TASK OBJECTIVE |
Set down, word for word, the line with "会仙湿地 摄影 阳朔陈公兴" and the lines after it through the final line of the data below, without pictures.

Crawled caption data
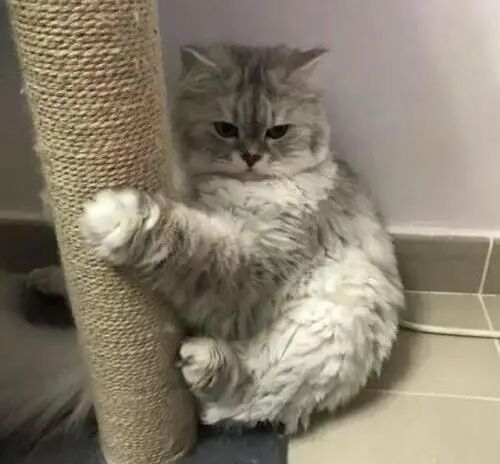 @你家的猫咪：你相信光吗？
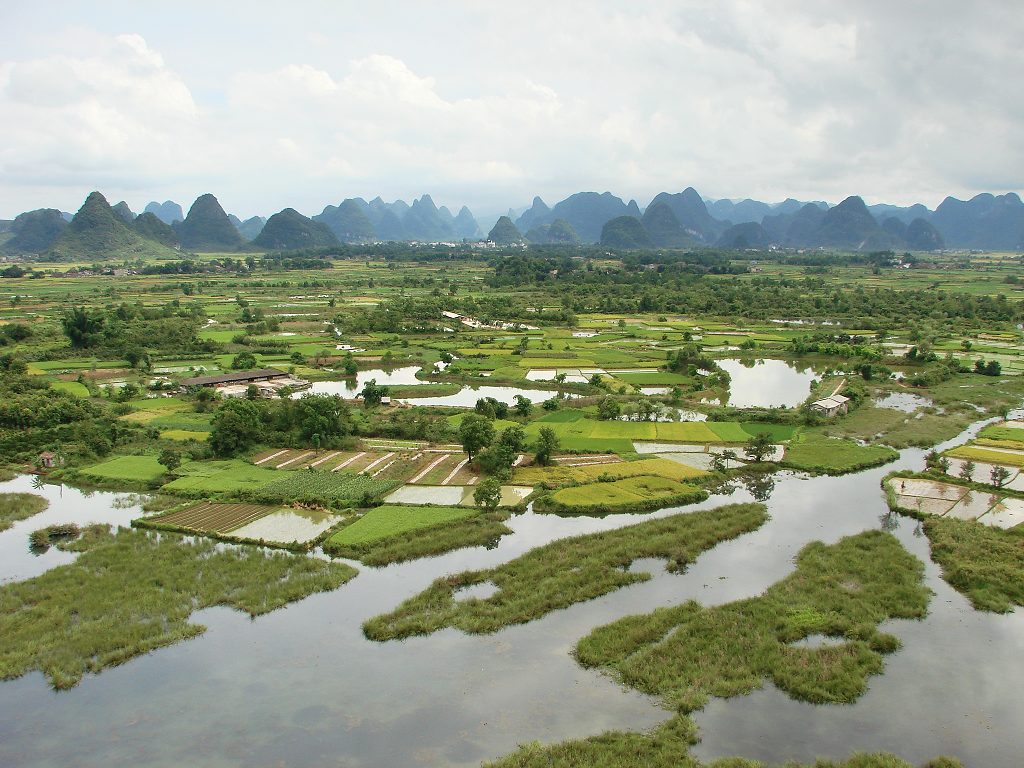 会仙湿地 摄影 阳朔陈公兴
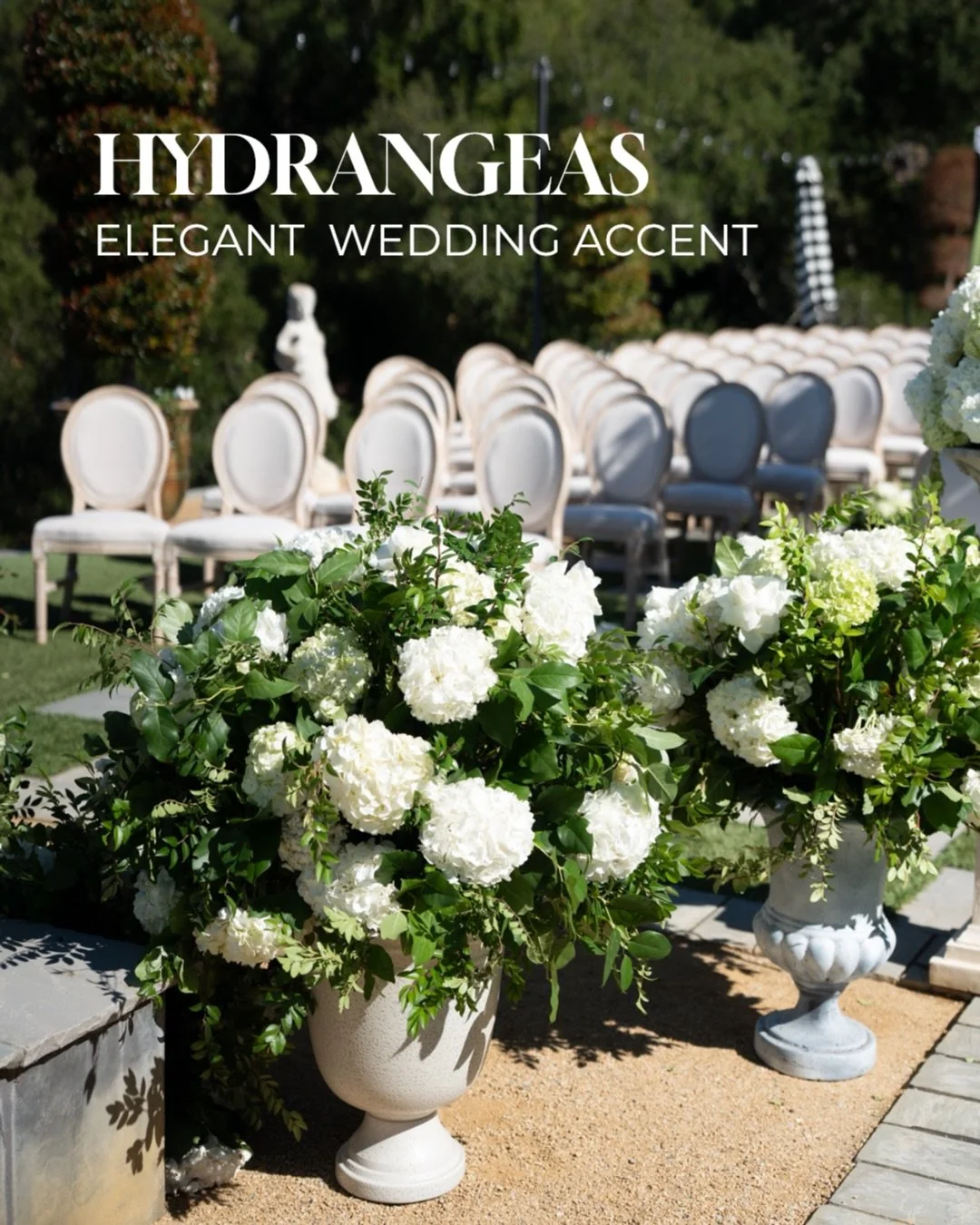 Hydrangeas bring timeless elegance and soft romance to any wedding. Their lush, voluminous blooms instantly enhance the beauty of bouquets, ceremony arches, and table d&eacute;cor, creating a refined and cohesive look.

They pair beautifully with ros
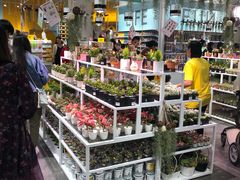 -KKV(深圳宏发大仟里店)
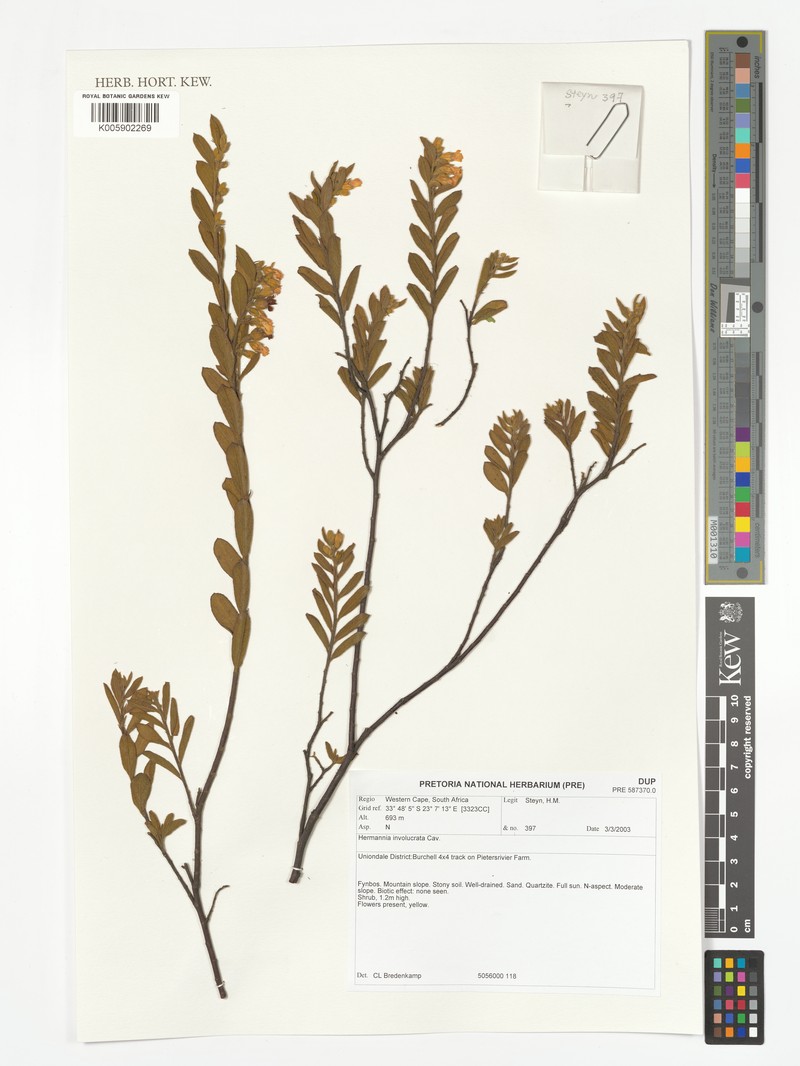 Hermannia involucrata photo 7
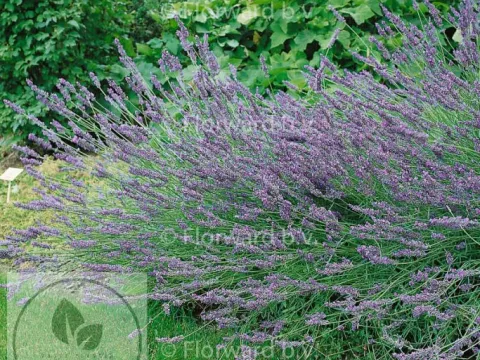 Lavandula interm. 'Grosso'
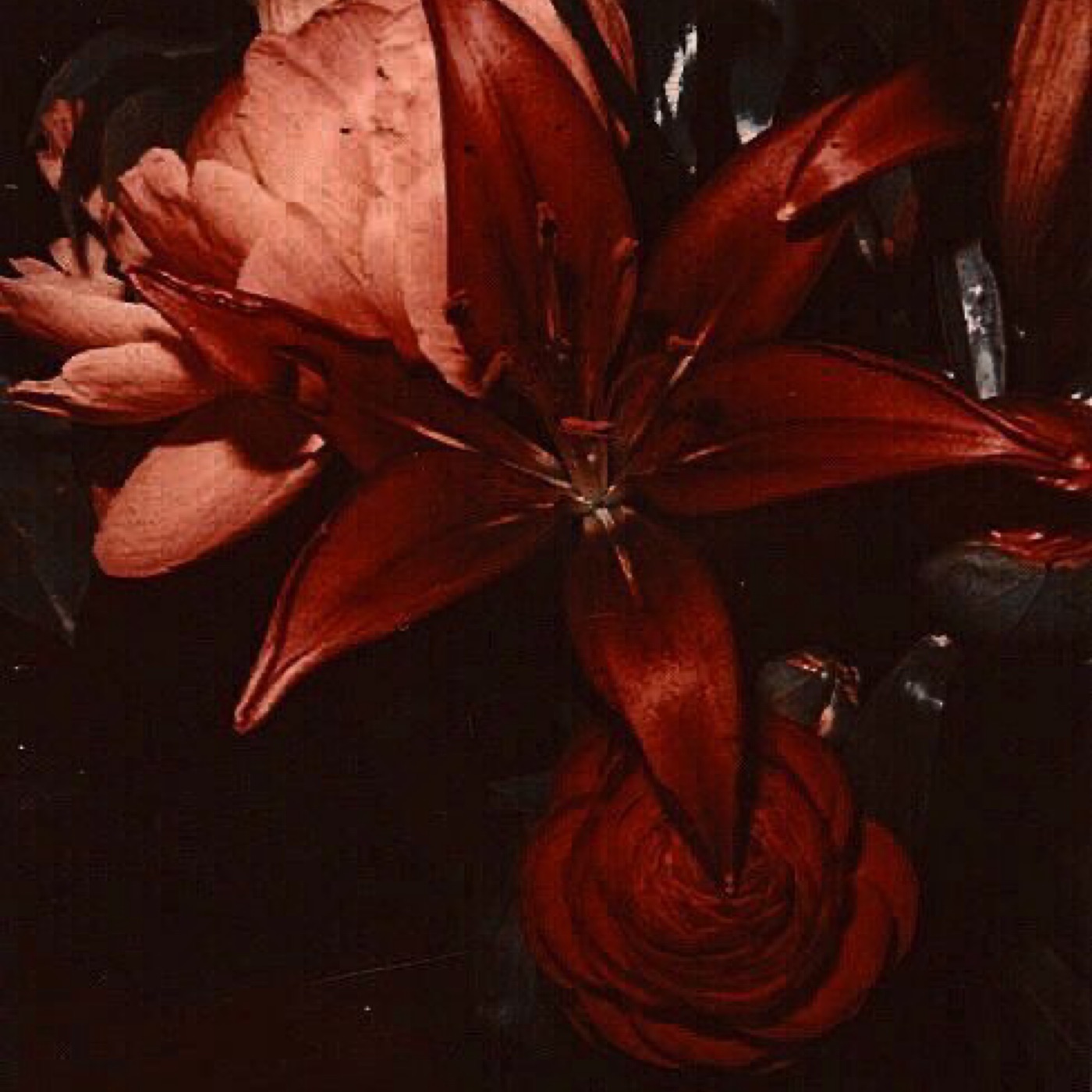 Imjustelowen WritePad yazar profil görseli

EXPECTED OUTPUT |
 会仙湿地 摄影 阳朔陈公兴
 Hydrangeas bring timeless elegance and soft romance to any wedding. Their lush, voluminous blooms instantly enhance the beauty of bouquets, ceremony arches, and table d&eacute;cor, creating a refined and cohesive look.

They pair beautifully with ros
 -KKV(深圳宏发大仟里店)
 Hermannia involucrata photo 7
 Lavandula interm. 'Grosso'
 Imjustelowen WritePad yazar profil görseli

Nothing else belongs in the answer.